Su antecesor, libre del voto de castidad, se casó con la duquesa de Luxemburgo (sí, la que había enviudado de Antonio de Borgoña) y se dedicó a guerrear contra su sobrina Jacoba para arrebatarle sus dominios. Juan IV, nuestro señor de Brabante, se suponía que debía defenderlos, como señor consorte, pero, claro, cuando te estás jugando los cuartos con Juan el Despiadado, igual hace falta bastante más energía de la que nuestro protagonista estaba en condiciones de aportar. Para colmo de males, Jacoba se enfadó y mandó a su primo y marido a tomar viento; de hecho, se piró a Inglaterra y allí se casó con el hermano del rey, el duque de Gloucester. Eso de casarse, pero sin que esté muy claro que no lo estés ya, está mal visto incluso hoy, con lo licenciosas que son ahora las costumbres, y no digamos en el siglo XV. Jacoba se puso a pedir la nulidad por consanguinidad, pues, como quedó dicho, ella y Juan IV eran primos hermanos, pero el Papa se hizo de rogar bastante. Al final, la mujer debía de ser todo un -mal- carácter y el que terminó pidiendo la nulidad por haber un matrimonio previo fue el duque de Gloucester, que además la obtuvo.
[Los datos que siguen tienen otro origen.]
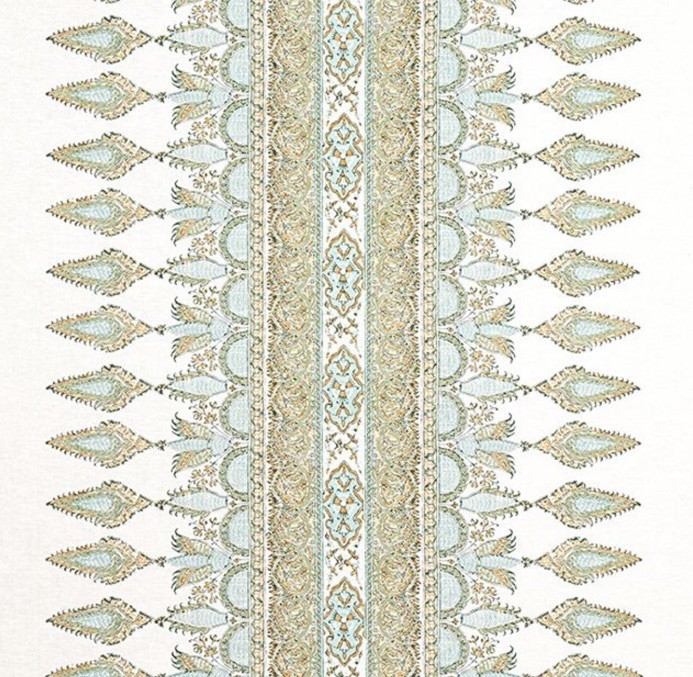 Thibaut Curtain Fabric ‘AKOLA STRIPE ‘ 3.9 METRES SEAGLASS/GOLD Linen Blend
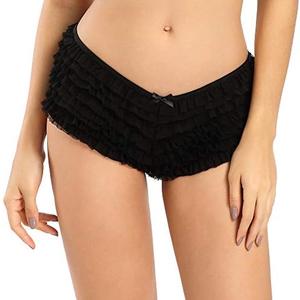 SHARICCA Womens Sexy Mesh Ruffle Panties Booty Boy Shorts Underwear. size M/L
Con todos estos rebotes, resultó que el marido válido de Jacoba seguía siendo Juan IV. Juan el Despiadado se quedó con el gobierno de Holanda y Zelanda, y montó una corte de lo más molón, pero con ese sobrenombre igual muchos amigos no tenía. A finales de 1424, su mariscal de palacio, Jan Van Vliet, envenenó las hojas del libro de oraciones del duque. Ah, un consejo: no os chupéis ligeramente el dedo para pasar las páginas de los libros. Además de que es asqueroso, nunca se sabe quién puede haber puesto qué cosa en las páginas. Juan el Despiadado no siguió ese consejo y cayó enfermo; haciendo honor a su mote, todavía tuvo ocasión de hacer ejecutar a su mariscal, pero la palmó él mismo pocos días después de resultas del envenenamiento de su libro de oraciones. Para que luego digan que la oración no te comunica con Dios.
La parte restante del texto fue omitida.